FIG. 4 is a side view showing the open state of the tip pressing means.

FIG. 5 is a side view showing an operation state of the rear end pressing means.

FIG. 6 is a side view showing an operation state of the rear end pressing means.

FIG. 7 is a side view showing an operation state of the rear end pressing means.

FIG. 8 is a side view showing an operation state of the rear end pressing means.

FIG. 9 is a diagram showing an operation locus of a rear end pressing means.

FIG. 10 is a side view of the punch means when the solenoid is demagnetized.

FIG. 11 is a side view of the punch means when the solenoid is excited.

FIG. 12 is a control operation block diagram of the color scanner in the embodiment.

FIG. 13 is a flowchart of a control program stored in a ROM 101.

FIG. 14 is a flowchart of a program for controlling a photosensitive film mounting step in step (S1).

FIG. 15 is a flowchart of a program for controlling an image forming process in step (S3).

FIG. 16 is a flowchart of a program for controlling a punching step in step (S5).

FIG. 17 is a flowchart of a program for controlling a peeling step in step (S7).

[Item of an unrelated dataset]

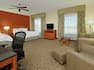 Studio Suite with Two Queen Beds, Lounge Area, Work Desk, and Room Technology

FIG. 18 is a flowchart of a program for controlling another example in the punching process.

[Explanation of symbols]

 DESCRIPTION OF SYMBOLS 1 Film holding part (drum) 3a Light source 60 Punch means 61 Punch means 66 Solenoid 100 CPU 101 ROM F Photosensitive film

Continuation of front page (56) References JP-A-63-104057 (JP, A) JP-A-2-71269 (JP, A) JP-A-58-55295 (JP, A) JP-A-5-281750 (JP) , A) Microfilm (JP, U) that photographed the contents of the specification and drawings attached to the application for Japanese Utility Model Application No. Hei 3-24865 (Japanese Utility Model Application No. Hei 4-114055) (58) Field surveyed (Int. . ^6, DB name) G03F 1/00 G03F 3/08 H04N 1/08

Claims (2)

(57) [Claims] 1. A color separation plate forming apparatus for forming a color separation image on a photosensitive film mounted on a drum type film holding part based on a plurality of color separation image data representing a color image, wherein the drum type film holding part Image forming means for forming a color-separated image based on the color-separated image data on the photosensitive film mounted on the photosensitive film; and the photosensitive film held by the drum-type film while being mounted on the drum-type film holding unit . A color separation plate forming apparatus, comprising: a punch means for making a hole in a photosensitive film. 2. The color separation plate according to claim 1, wherein said color separation plate forming apparatus further comprises control means for operating said punch means after the color separation image is formed by said image forming means. Forming equipment.